[Web page caption snippets]
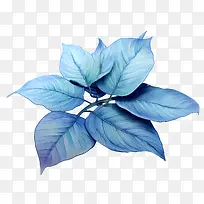 蓝叶-蓝叶叶水彩植物绿色-空若网 蓝叶-蓝叶叶水彩植物绿色-空若网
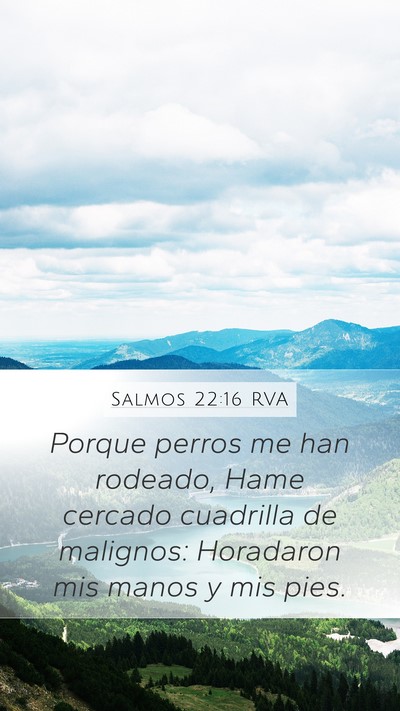 Salmos 22:16 RVA Bible Verse Image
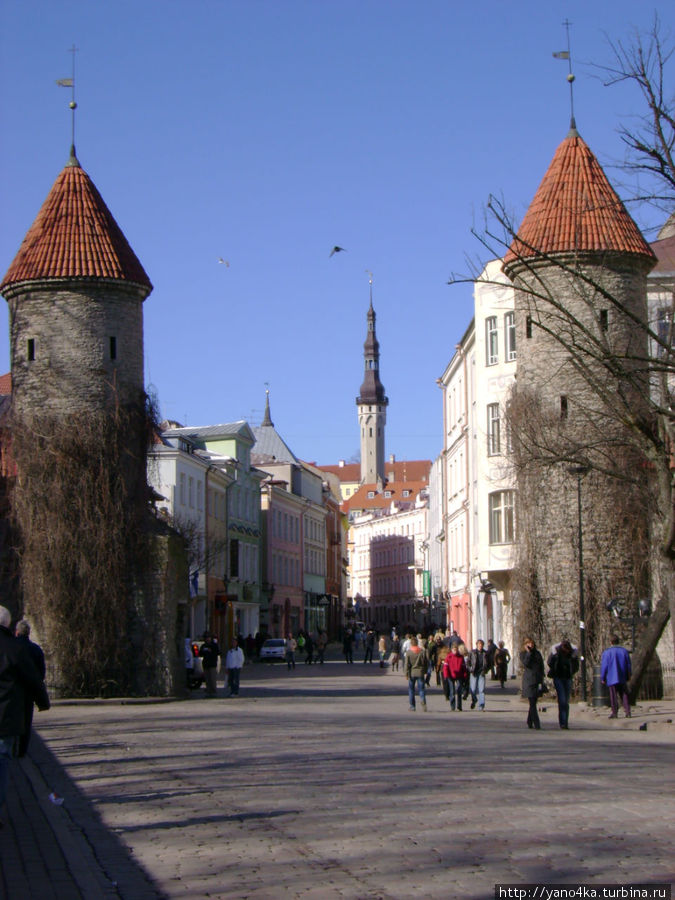 Весенние прогулки по Таллину Таллин, Эстония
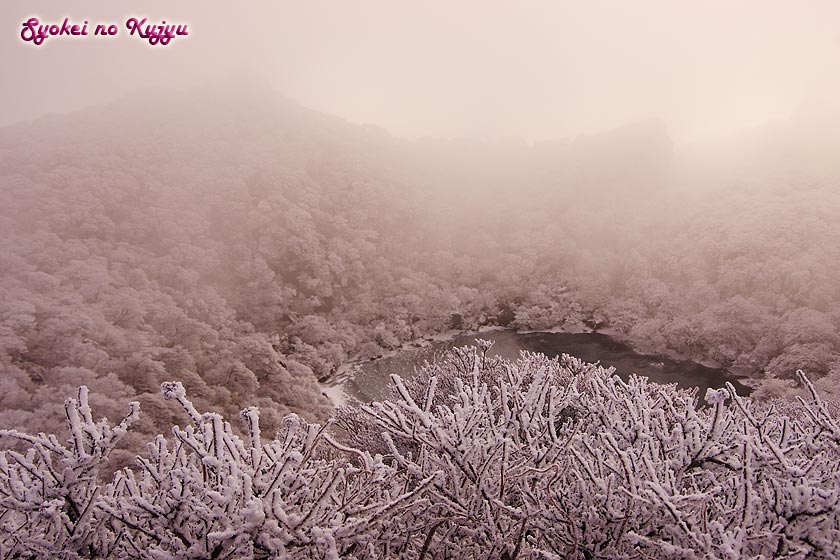 12月17日 大船山朝駆け _f0173067_1521815.jpg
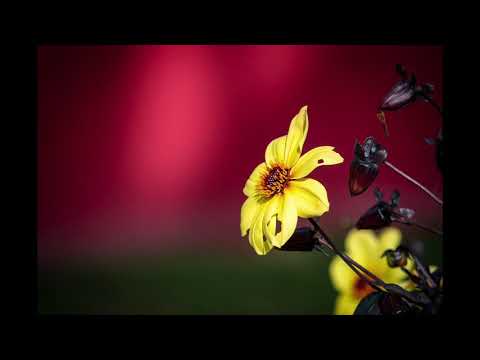 Sven Karlsson - Living EZ (Modern Blues)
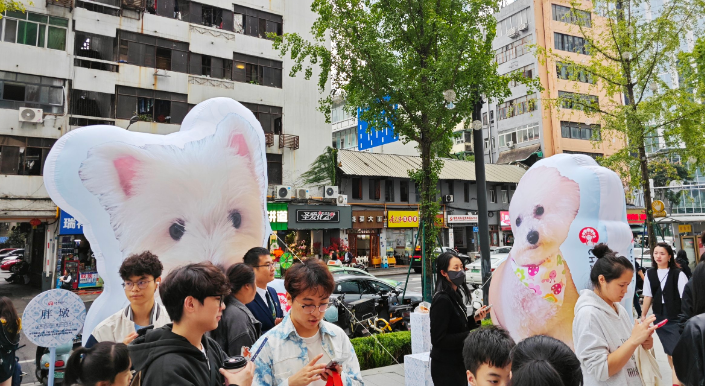 滴滴上线宠物友好地图已合作超100家宠物友好门店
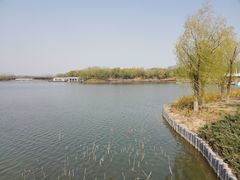 -大兴滨河森林公园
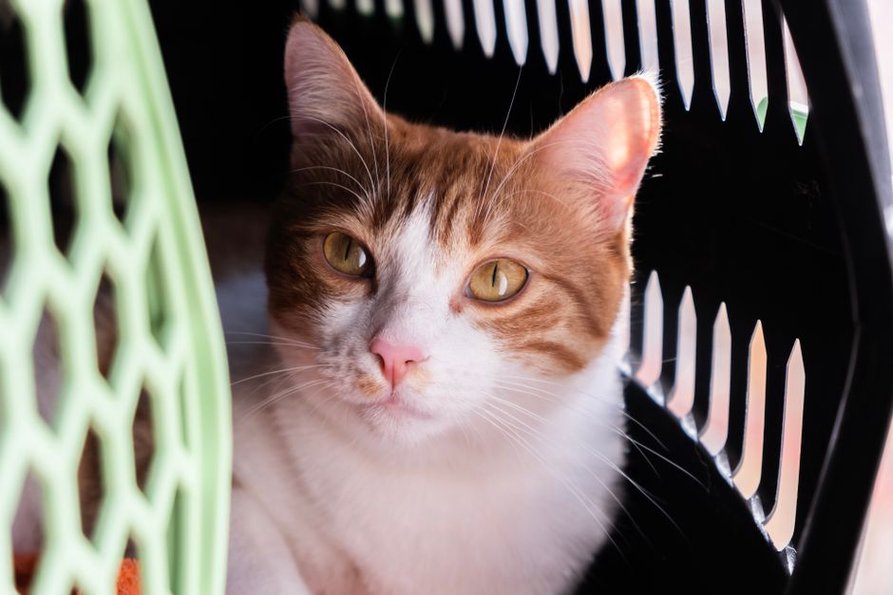 Un chat explore sa caisse de transport ouverte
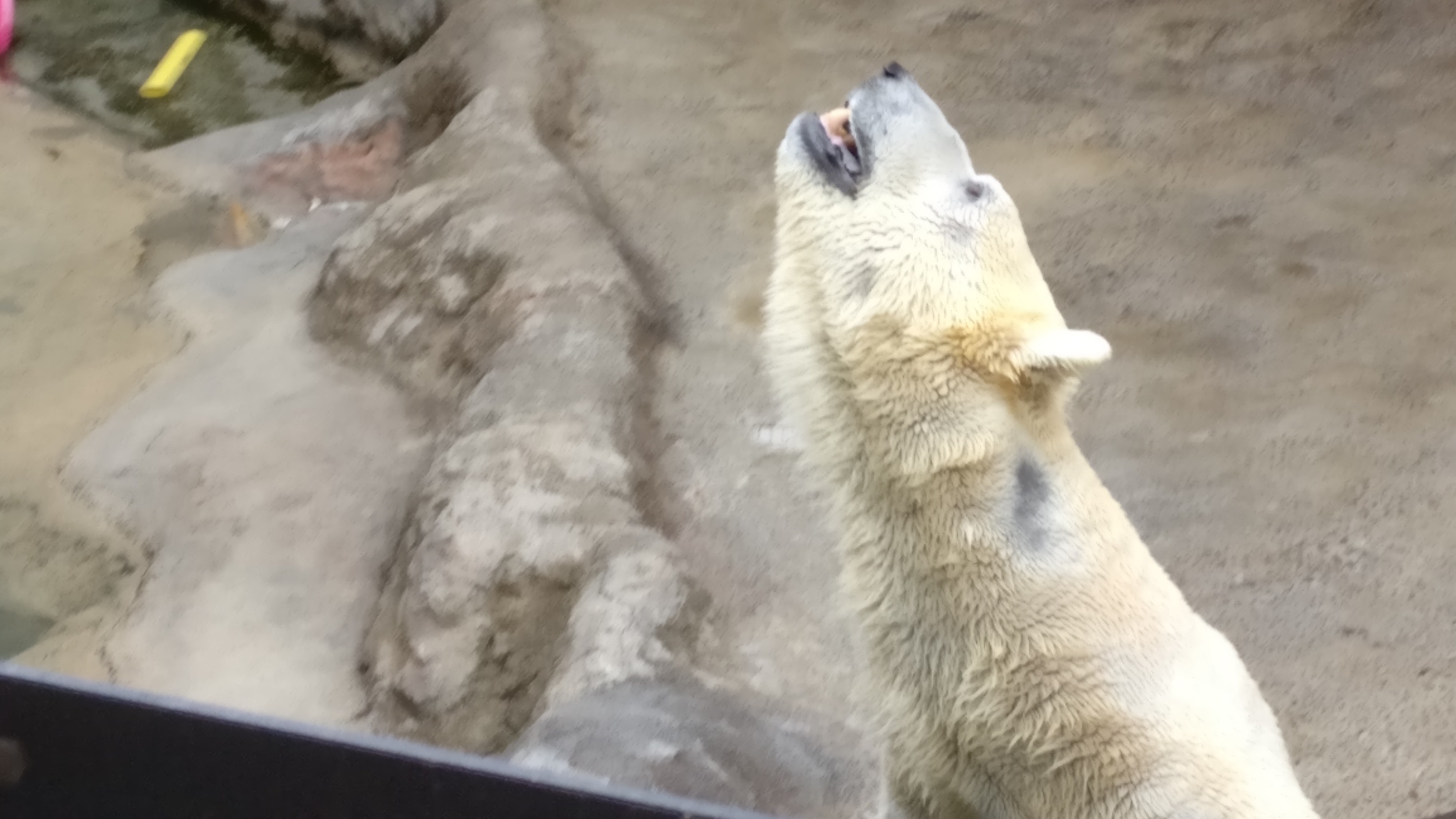 Polar bear at Asahikawa Zoo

*Task*. Copy the entries exactly. Leave out the images.

*Written solution*.
 蓝叶-蓝叶叶水彩植物绿色-空若网 蓝叶-蓝叶叶水彩植物绿色-空若网
 Salmos 22:16 RVA Bible Verse Image
 Весенние прогулки по Таллину Таллин, Эстония
 12月17日 大船山朝駆け _f0173067_1521815.jpg
 Sven Karlsson - Living EZ (Modern Blues)
 滴滴上线宠物友好地图已合作超100家宠物友好门店
 -大兴滨河森林公园
 Un chat explore sa caisse de transport ouverte
 Polar bear at Asahikawa Zoo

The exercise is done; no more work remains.